The new method initially divides the latitude–longitude grid data into a finer-scale latitude–longitude grid, as depicted in Fig. 1 (the bold dark-gray mesh becomes the thin light-gray mesh), i.e., rasterizing. Next, each finer-scale grid is allocated to a hexagonal grid whose borders are trigonometrically defined in latitude–longitude coordinates. In Fig. 1, the colored grid areas are allocated to the centered icosahedral grid, which derives contributions from the surrounding latitude–longitude grids. Consequently, the flux value converted into the ith icosahedral grid f′i can be expressed as:

$$f_{i}^{{\prime }} = \mathop \sum \limits_{j = 1}^{{N_{i} }} a_{i,j} f\left( {G_{j} } \right)/A_{i} ,$$
(5)

where Gj denotes the original latitude–longitude grid that overlaps the ith icosahedral grid and Ni is the number of those grids (Ni = 9 in the case of Fig. 1). The partial area of each original latitude–longitude grid overlapped by the ith icosahedral grid is derived from the finer latitude–longitude grids, which is represented as ai,j (individual colored areas in Fig. 1). The area of the ith icosahedral grid is denoted as Ai. Because every finer latitude–longitude grid is allocated to one of the surrounding icosahedral grids, the total amount of global data is conserved. Because of the linearity of Eq. (5) and the absence of any mass-conserving scaling, this grid conversion scheme is entirely linear and thus represented by the matrix G in Eq. (3). This property enables us to easily develop the adjoint code represented by GT in Eq. (4).

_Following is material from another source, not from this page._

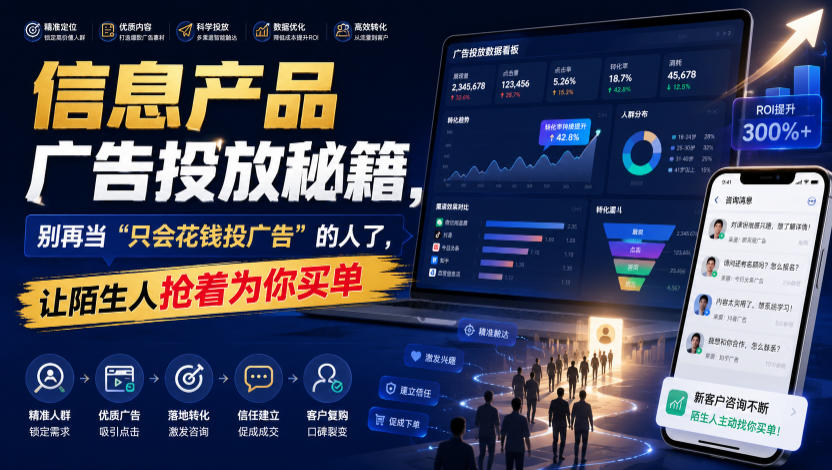 信息产品广告投放秘籍,别再当“只会花钱投广告”的人了,让陌生人抢着为你买单【原创双语字幕】-优创圈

By introducing G and GT into the model operator and its adjoint, respectively, the control variables can be arrayed in latitude–longitude grids.

Fig. 1
figure 1

Illustration of flux conversion from latitude–longitude grids to icosahedral grids. The black line indicates the boundaries of the icosahedral grids, while the dark-gray and light-gray lines represent original and finer latitude–longitude grids, respectively. In the conversion, fluxes in colored areas are allocated to the centered icosahedral grid

Optimizing fluxes in the latitude–longitude grid has two technical advantages. First, conversion of flux data from icosahedral grids to latitude–longitude grids after inversion for comparison with other datasets is not required. Such conversion often causes deterioration of mass conservation and requires additional modification. Second, the flux data can be provided at a higher resolution than the icosahedral grid data. In this study, we optimized the flux data at a 1° × 1° resolution, which is finer than the resolution at the icosahedral grid (approximately 223 km). This allows the optimized fluxes to retain the high-resolution information originally contained in the prior flux data. During the grid conversion in this study, we divided 1° × 1° latitude–longitude grids by 10 × 10 to obtain finer grids.

2.3 Flux model

The surface CO2 fluxes input to NICAM-TM can be described as:

$$\begin{aligned} f_{{{\text{CO}}_{2} }} \left( {x,t} \right) & = f_{{{\text{fos}}}} \left( {x,t} \right) - \beta_{{{\text{GPP}}}} \left( {f_{{{\text{GPP}}}} \left( {x,t} \right) + \Delta f_{{{\text{GPP}}}} \left( {x,t} \right)} \right) + \beta_{{{\text{RE}}}} \left(f_{{{\text{RE}}}} \left( {x,t} \right) + \Delta f_{{{\text{RE}}}} \left( {x,t} \right)\right) \\ & \quad + \left( {1 + \Delta \alpha_{{{\text{LUC}}}} \left( {x,t} \right)} \right)f_{{{\text{LUC}}}} \left( {x,t} \right) + \left( {1 + \Delta \alpha_{{{\text{fire}}}} \left( {x,t} \right)} \right)f_{{{\text{fire}}}} \left( {x,t} \right) \\ & \quad + f_{{{\text{ocn}}}} \left( {x,t} \right) + \Delta f_{{{\text{ocn}}}} \left( {x,t} \right), \\ \end{aligned}$$
(6)

where x and t represent the flux location and time, respectively. Fluxes from fossil fuel use and cement production, gross primary production (GPP) and respiration (RE) of the terrestrial biosphere, LUC, biomass burning, and oceans are denoted as ffos, fGPP, fRE, fLUC, ffire, and focn, respectively; they are prescribed using flux datasets and here have a monthly temporal resolution.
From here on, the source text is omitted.